O futuro é indígena

O futuro é indígena

21 de janeiro de 2023 Off Por funes

O futuro é indígena por Delzymar Dias.

Texto extraído da coluna Funes do Jornal a União publicado na data de 13/01/2023.

Caminhando pelo Centro Histórico da Parahyba, vejo um cartaz grande colado em um casarão abandonado vizinho a outro casarão abandonado que dizia, em letras grandes, que o futuro era indígena. Naquele momento, duas lembranças em formato de ideias surgiram na minha cabeça. A primeira diz respeito a uma colocação do intelectual indígena Ailton Krenak, que ofereceu à comunidade um livro cheio de provocações chamado de A vida não é útil. Ele fala sobre o egoísmo nosso de cada dia e diz que ninguém vai se salvar sozinho de nada, por isso, estamos todos enrascados.

Cartaz visto em um casarão abandonado no Centro Histórico de João Pessoa

Cartaz visto em um casarão abandonado no Centro Histórico de João Pessoa

O segundo ponto é sobre a história da adaptação indígena. Fala-se muito sobre os indígenas adotarem para si os ditos costumes urbanos. Eu nem acho que essa discussão é necessária, já que, dado o andar da carruagem, a salvação da humanidade está vinculada ao inverso desse questionamento, já que para sobreviver em um futuro breve, nós é que teremos que buscar no contexto indígena os pontos necessários à nossa sobrevivência. Nosso modelo de desenvolvimento é ecocida e vem considerando cada vez menos as nossas experiências ancestrais.

Não existe futuro com o individualismo falsamente meritocrático de mercado. O futuro é coletivo. Existe um limite para duplicação ou multiplicação de vias, não haverá espaço nos centros urbanos para que cada pessoa possa sair de casa com o seu veículo. Chegará um momento em que todas as soluções terão como princípio a coletividade. O planeta não conseguirá atender todas as demandas industriais inventadas e fomentadas pelos padrões que consomem cada vez mais recursos naturais e escravizam o ser humano em jornadas de trabalho exaustivas.
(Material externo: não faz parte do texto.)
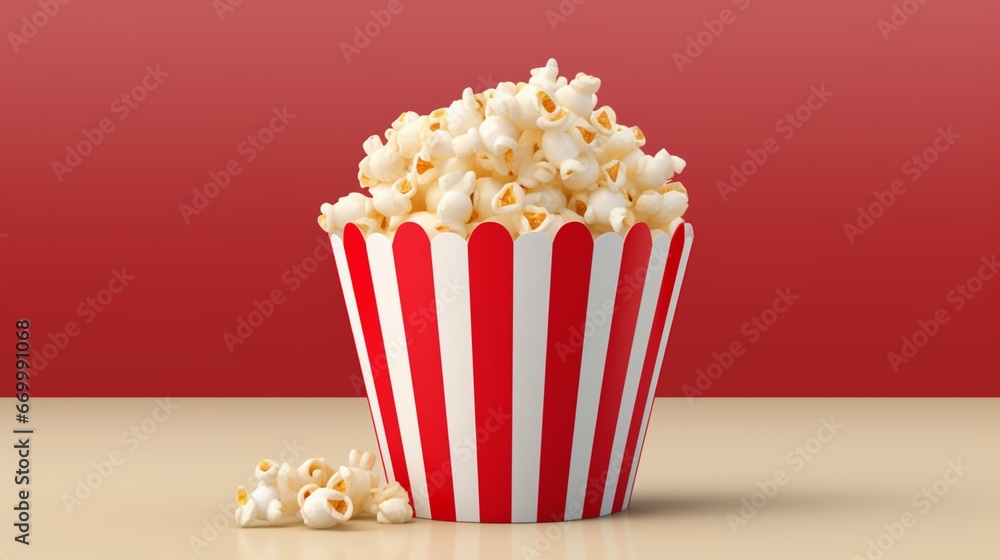 popcorn and soda  generated by AI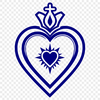 Beautiful Religious Symbol SVG Download A sacred heart icon in vector format, suitable for various uses including clip art and commercial design projects.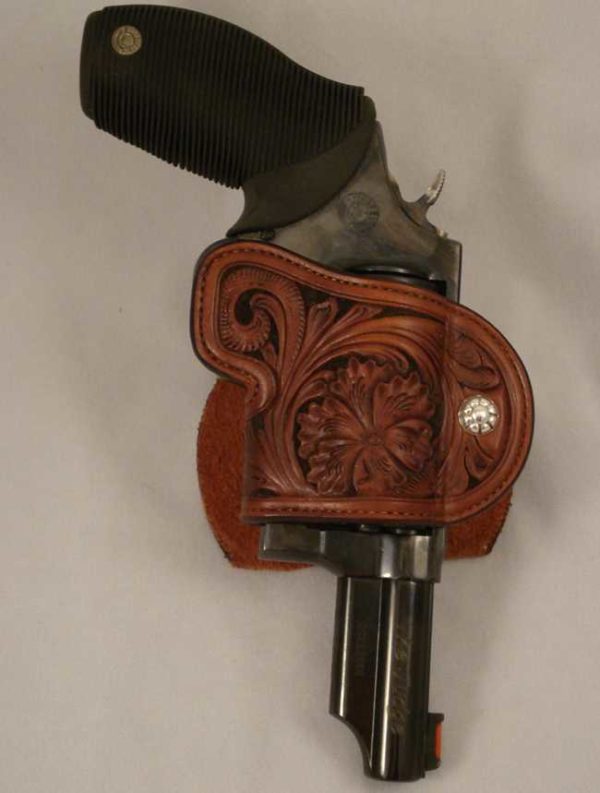 The Judge Paddle back Holster Tooled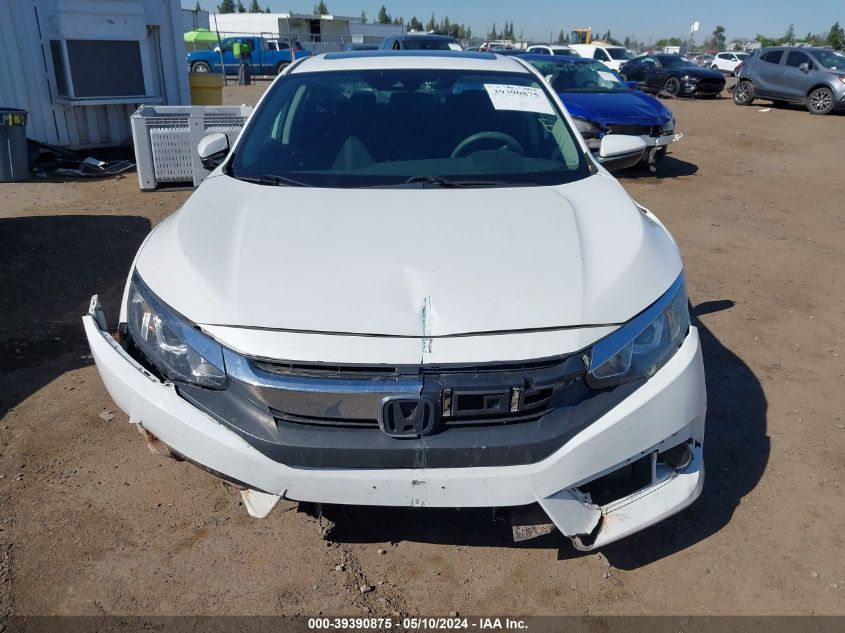 2018 Honda Civic Ex VIN: 19XFC2F84JE207803 Lot: 39390875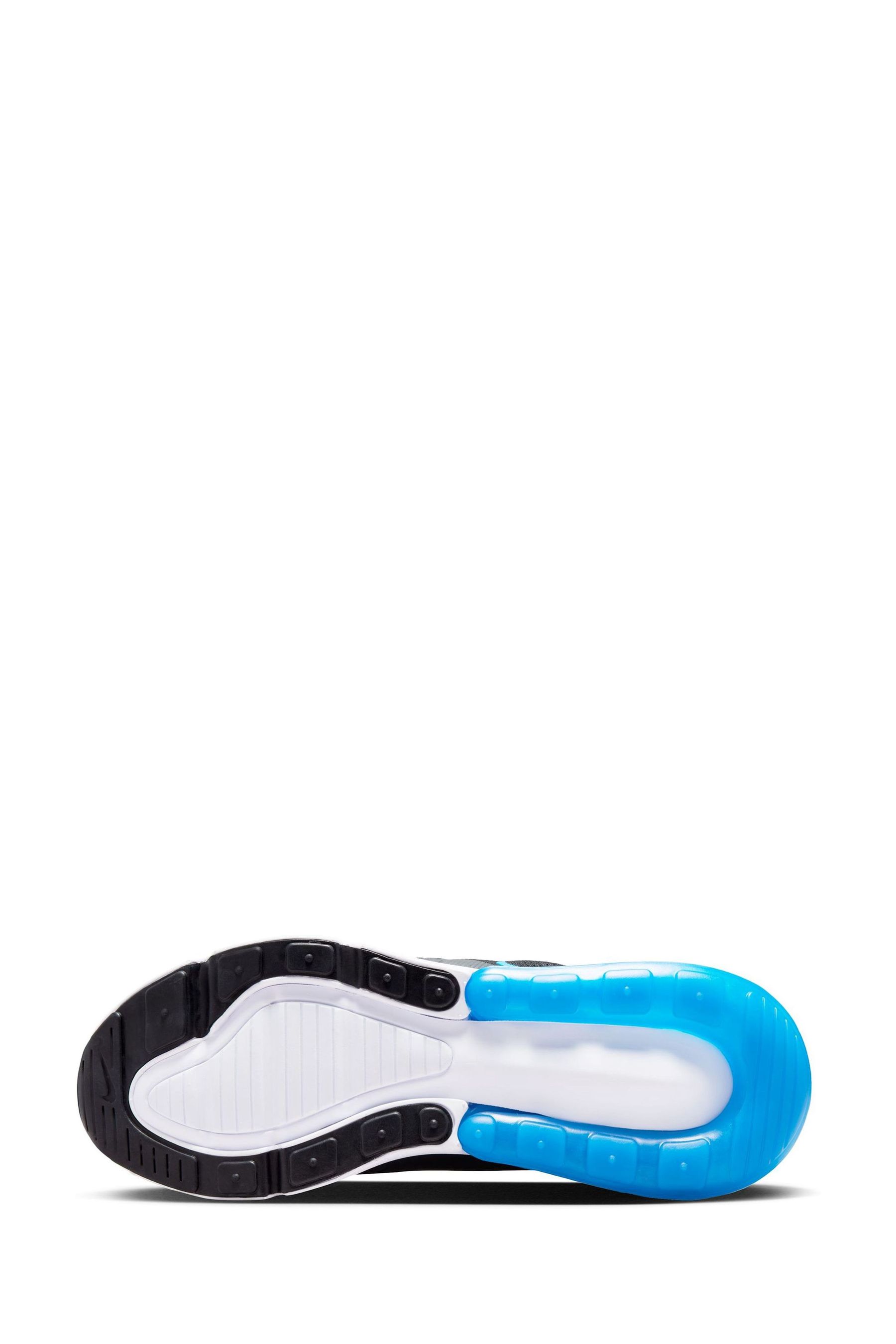 Buy Nike Grey Blue Air Max 270 Trainers from Next Luxembourg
No livro A riqueza de poucos beneficia todos nós?, o sociólogo Zigmunt Bauman faz uma relação entre consumo e felicidade ao dizer que “o axioma de que a busca pela felicidade é igual a comprar, e de que a felicidade deve ser buscada e está à espera nas prateleiras das lojas.”

Na escola, não aprendemos sobre a importância dos indígenas. Não aprendemos sobre a diversidade das etnias, dos grupos, dos aldeamentos, dos costumes, das línguas e da cultura. A Lei nº 11.645/2008 torna obrigatório o estudo da história e cultura indígena e afro-brasileira nos estabelecimentos de Ensino Fundamental e Médio, porém, a educação sobre os povos originários da maneira que é construída na atualidade, em todos os segmentos, contribui, infelizmente, para uma caricaturização dessas pessoas, das etnias representadas e de seus costumes. Aqui, no Sertão da Paraíba, não existe material didático específico sobre os primeiros ocupantes do lugar. Alguns textos históricos locais cometem o absurdo de dizer que a história do lugar teve início no século 17 com a chegada dos “Oliveira Ledo”, que chegaram à região vindo da Casa da Torre, através do Rio São Francisco. Esses livros falam mais da interiorização da economia através da criação de gado do que da presença dos nativos na região. Fala-se mais de gado do que de gente. A versão que continua sendo contada, em escala maior, é a visão do colonizador. É preciso refazer essa narrativa que foi construída onde heróis chegaram para desbravar territórios ocupados por aqueles que foram chamados de selvagens. Estamos todos presos a essa falsa ideia de progresso.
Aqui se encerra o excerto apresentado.